Dr. Martyn Lloyd-Jones: And then another thing, of course, that really did annoy them and infuriate them and at which they stumbled most grievously, was what He didn't do. What didn't He do? Well, He didn't set Himself up as king in Jerusalem. He didn't gather an army together. He didn't announce war against the Roman conquerors and lead His army to liberate them and set them free and lift up the Jews to the supreme position amongst all the nations.
Dr. Martyn Lloyd-Jones: That's what they wanted, and He didn't do it. Even John the Baptist, you remember, stumbled at that particular point. You remember how once, when they had been impressed by His feeding of the 5,000, they tried to take Him by force to make Him a king, but He wouldn't. That was a grievous source of stumbling. Why didn't He declare Himself? His own brethren, you remember, chided Him with that later on.
Dr. Martyn Lloyd-Jones: But, of course, the thing that finally offended them and caused them to stumble was His death upon the cross. There He is, arrested, apparently can't defend Himself, condemned in the court, He doesn't seem to say a word, lets them do what they like with Him. He who claimed to be the Messiah who could heal the sick, make the lame walk, give sight to the blind, raise the dead, calm the raging of the sea.
Dr. Martyn Lloyd-Jones: Thou who savest others, they say to Him as He's on the cross, come down, save Thyself. If thou be the Christ of God, come down. Ridiculous. This display of weakness and utter failure and shame. To them, this was enough to prove how ridiculous His claims were that He's the Son of God, that He's the Savior. Hail, thou Son of God, they said, with their sarcasm and scorn and derision.
Dr. Martyn Lloyd-Jones: They put a crown of thorns upon His head, and they mocked at Him, and they jeered at Him. Oh, His death was a terrible source of stumbling, a terrible rock of offense to them. Ah, but you know, there was something even worse than that. It was the teaching that came through His death. It was the implication of His death. This was the thing that infuriated them above everything else. What do I mean? Well, what the Apostle says.
Dr. Martyn Lloyd-Jones: The preaching of the cross is to them that perish foolishness. The preaching of the cross is a stumbling block to the Jew and it's foolishness to the Greeks. Why? Ah, it's because of the implication. It's because of the message of that cross. And this is the thing that really got them on the raw and made them finally hate Him and dismiss Him. What is the message? Oh, the message is this, that that is the only way of salvation.

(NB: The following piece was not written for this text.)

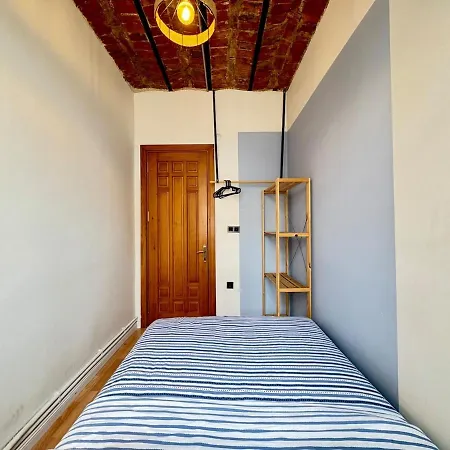 High Ceiling Cozy With 3 Bedroom Beyoglu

Dr. Martyn Lloyd-Jones: In other words, as He goes on to say in the next chapter, Christ is the end of the law for righteousness to everyone that believeth. Here are the Jews trying to save themselves by keeping and observing the law. The cross proclaims there's only one who can keep the law. And He's done it. He's the end of the law for righteousness. That's the thing, I say, that finally infuriated them.
Dr. Martyn Lloyd-Jones: That He and He alone can satisfy God's law. That all the efforts and the striving of the Jews, the Pharisees, the Sadducees, the scribes, the very best of them, it's all useless. He's already told us that Israel which followed after the law of righteousness, hath not attained unto the law of righteousness. And here comes this proclamation. You never can. You never will. He's come into the world because they've failed.
Dr. Martyn Lloyd-Jones: He would never have come if they could have done it. It's because they can't, and no one can. The Son of Man is come to seek and to save that which is lost. The Son of Man has come not to be ministered unto but to minister and to give His life a ransom for many. That's the thing that finally causes them to stumble. That's the ultimate rock of offense.
Dr. Martyn Lloyd-Jones: That He is the Atonement. That He is the Lamb of God that taketh away the sins of the world. That He is the offering to which all the types had pointed forward, the great, the glorious antitype itself. It was, I say, the teaching and the message of the cross that stumbles them above all. And it still does. That is why the blood of Christ is ridiculed in the Christian church today.
Dr. Martyn Lloyd-Jones: They stumble at this point. They hate it. They're repeating what was done by the Jews. In other words, you see, the ultimate cause of the stumbling and of the rock of offense is this, that by all His teaching and supremely by His death upon the cross, He condemns and finally exposes all man's self-confidence, pride and self-righteousness.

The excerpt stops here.